• Directions:
Pictures are not part of the copy. Write out exactly the lines from the line with "力神勁補海狗丸 300粒｜香港海狗丸推薦 溫補腎陽 補氣養血 強筋健骨" through the end of the entries below.

• Data extracts:
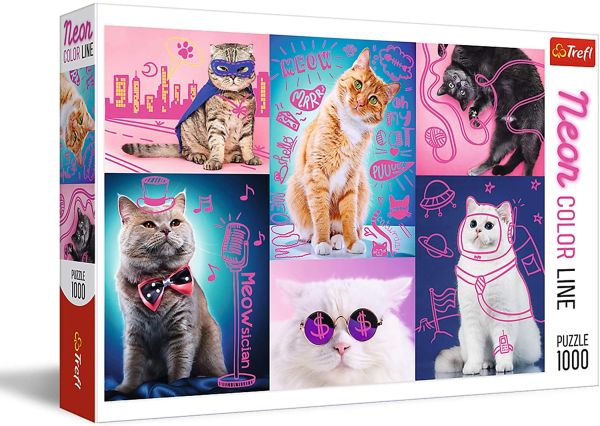 TRF10581 - Puzzle 1000 Teile Katzen mit Farbe Neon Pink - 1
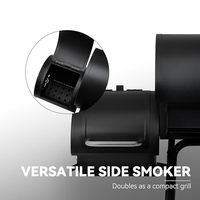 Barbecue au charbon de bois ATLAS avec brûleur latéral et 4 brûleurs en acier inoxydable chromé, facile à nettoyer et portable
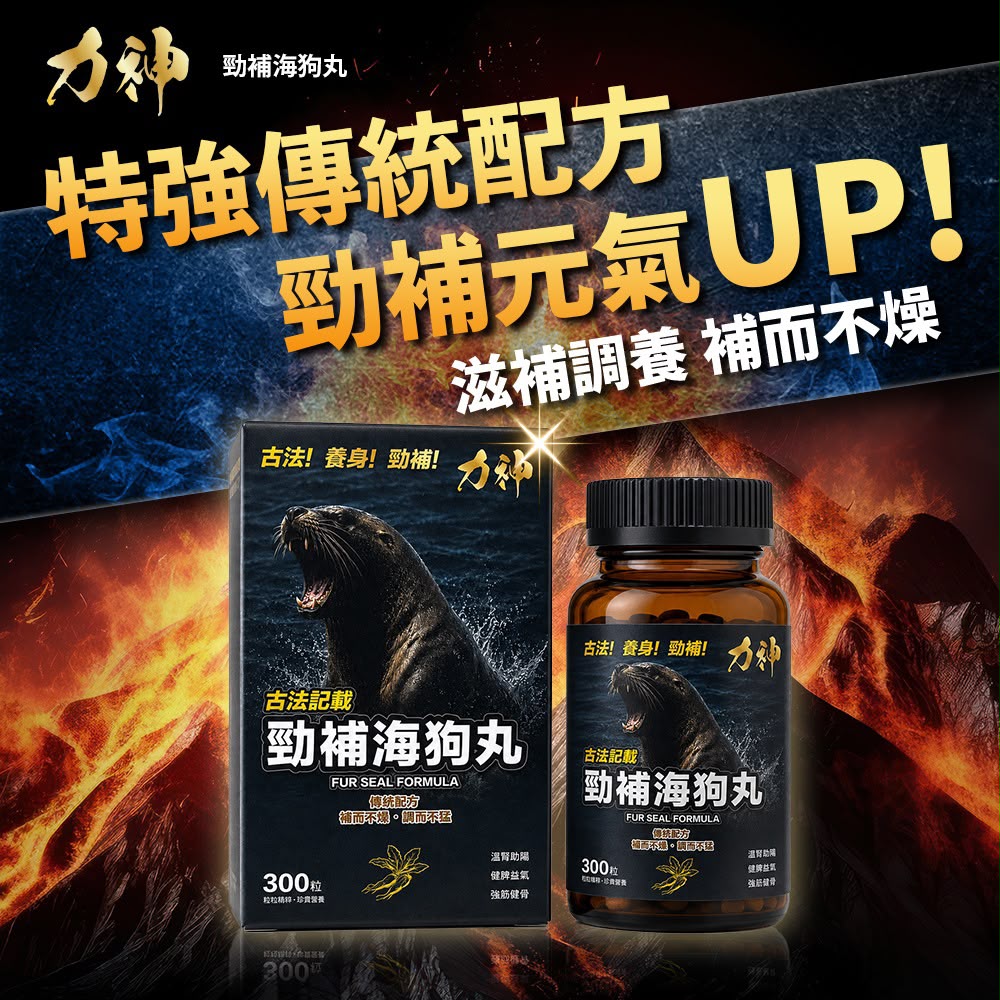 力神勁補海狗丸 300粒｜香港海狗丸推薦 溫補腎陽 補氣養血 強筋健骨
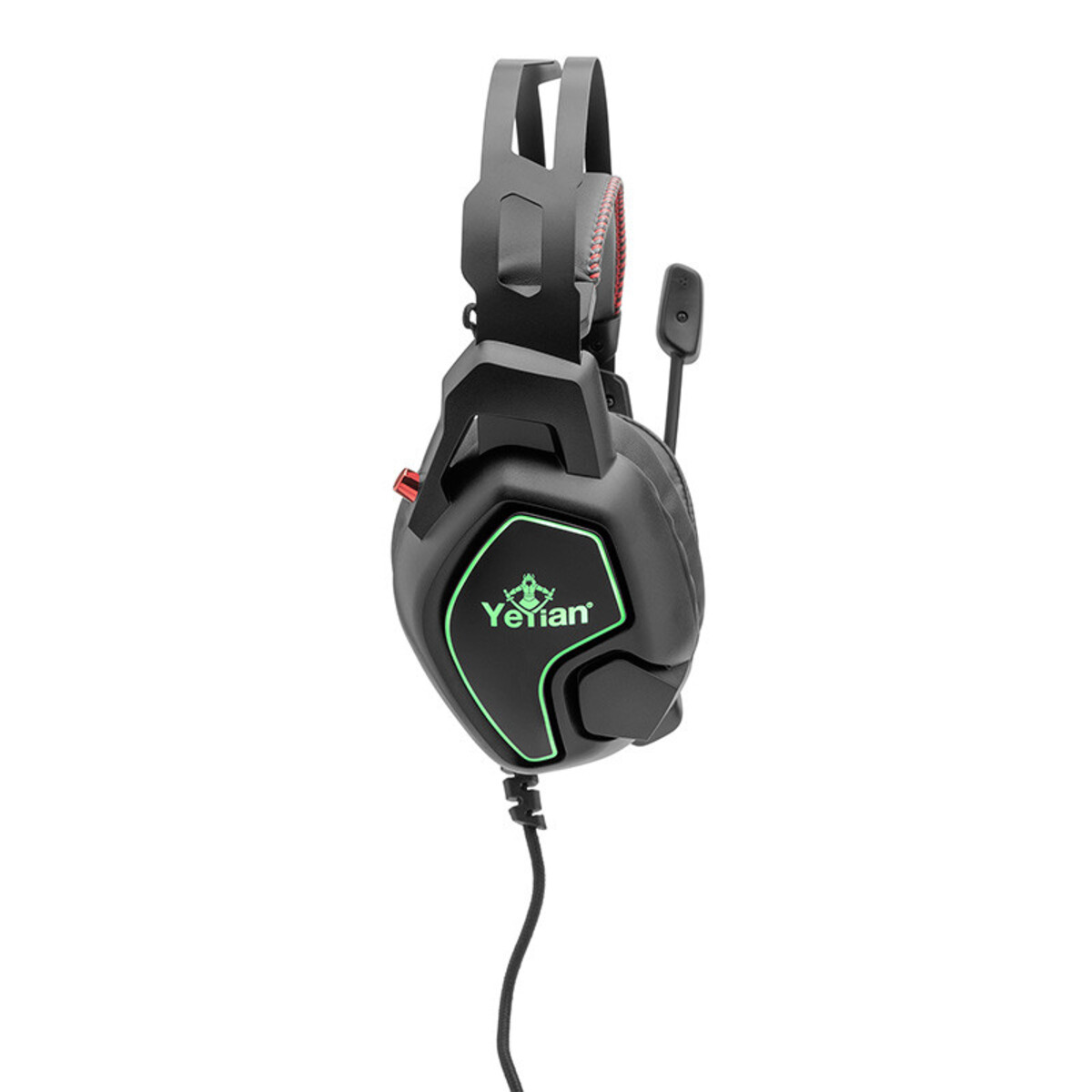 Auriculares para juegos negros con un logo verde. Los auriculares tienen un micrófono y un cable negro.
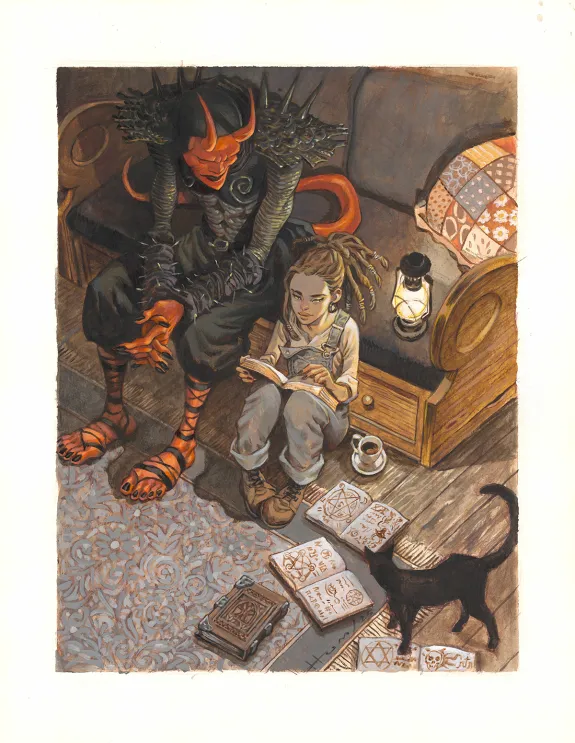 Colored illustration, Le Diable et Coral, Josep Homs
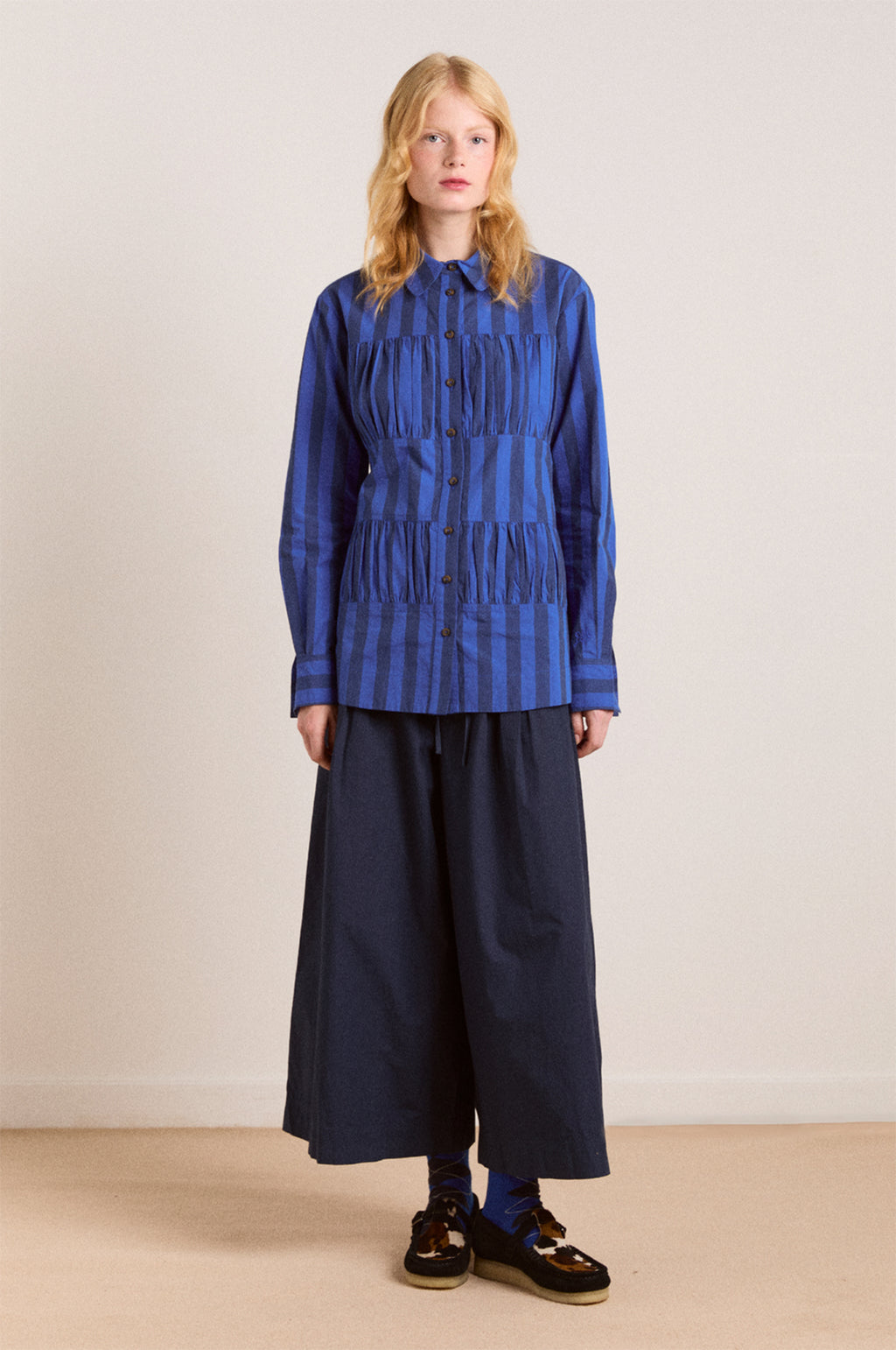 Xenia Shirt Cobalt Stripe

• Response:
 力神勁補海狗丸 300粒｜香港海狗丸推薦 溫補腎陽 補氣養血 強筋健骨
 Auriculares para juegos negros con un logo verde. Los auriculares tienen un micrófono y un cable negro.
 Colored illustration, Le Diable et Coral, Josep Homs
 Xenia Shirt Cobalt Stripe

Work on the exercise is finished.